The student news site of Guilford College

The Guilfordian

The student news site of Guilford College

The Guilfordian

Twyla Tharp: dancer, author, inspiration

Twyla Tharp. Upon reading this name, some think of a dancer. Others, a choreographer. Yet others, an author. Though she is indeed all of these things, she can also be described in broader terms: artist, innovator and inspiration.

Tharp will be coming to speak as part of the Bryan series on Oct. 27 at the War Memorial Auditorium.

Tharp attended Barnard College in New York City. However, it was in off-campus dance classes that she discovered her true passion for dance and choreography and created a new style of dance blending classical and modern styles. She entered the professional world of dance after graduating from college with an art history degree in 1963.

Tharp danced with the Paul Taylor Dance Company after her graduation. Just two short years later, she struck out on her own and created her own company, Twyla Tharp Dance. Now, with her own company, she was able to not only dance, but also to choreograph.

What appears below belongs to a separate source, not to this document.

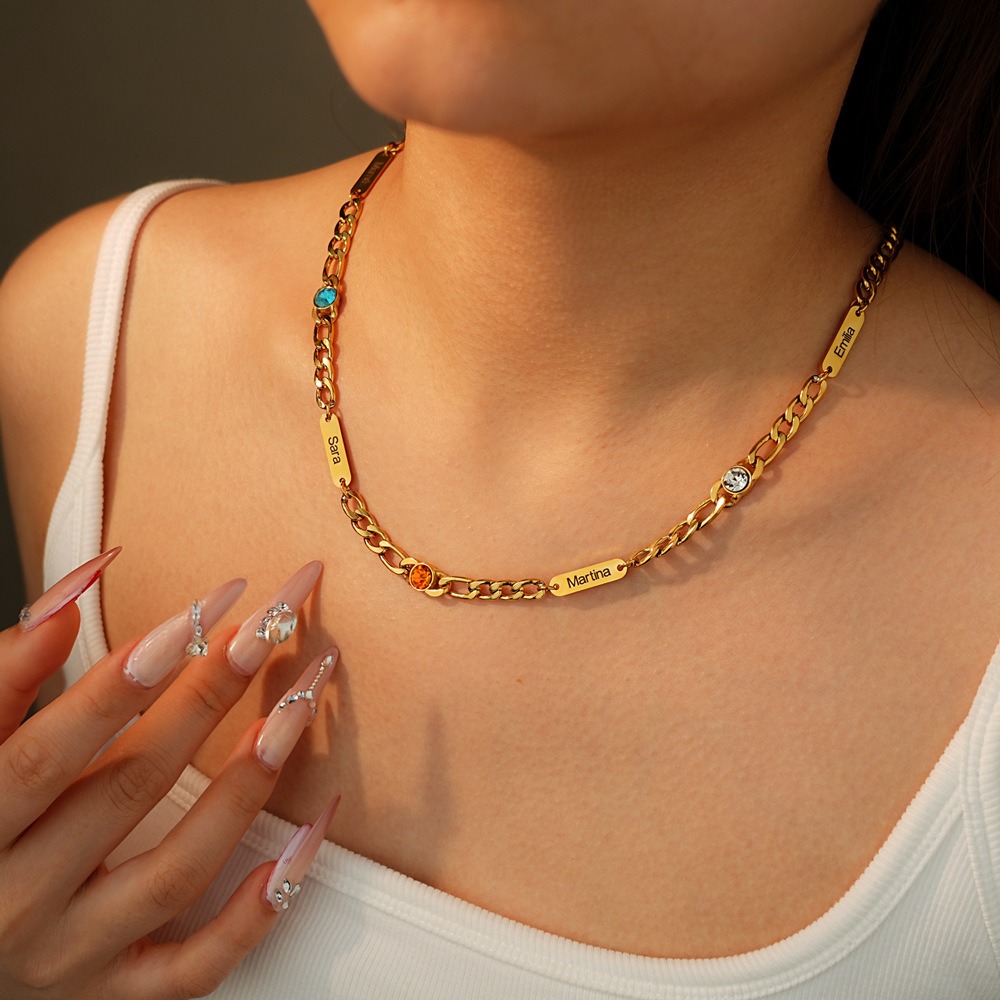 Stainless steel Cuban link necklace with a custom engraved name bar and a single birthstone charm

“The joy of (Tharp’s) beautifully textured and highly informed movement vocabularies shattered the lines between what had been modern dance, and what had been ballet,” said Christa Wellhausen, part-time lecturer in theatre studies and sports studies, in an email interview. “It created entirely new possibilities for each to redefine and explore their respective traditions, and ultimately resulted in the fusion of those forms into what we recognize today as a larger ‘contemporary dance.'”

Tharp’s dance pieces also used music in groundbreaking way. Not only did she set her dances to classics like Mozart, but she also set dances to popular music such as the Beach Boys.

Her many achievements include directing and choreographing four Broadway shows, choreographing five Hollywood movies and over 135 other dances, and winning a Tony Award and two Emmy Awards.

Tharp is also an accomplished writer. She wrote her autobiography, entitled “Push Comes to Shove,” as well as two additional non-fiction books, “The Creative Habit: Learn it and Use it for Life,” and “The Collaborative Habit: Life Lessons for Working Together”.

The list of Tharp’s achievements could go on and on, but the real question is, why should non-dancing Guilford students give a hoot?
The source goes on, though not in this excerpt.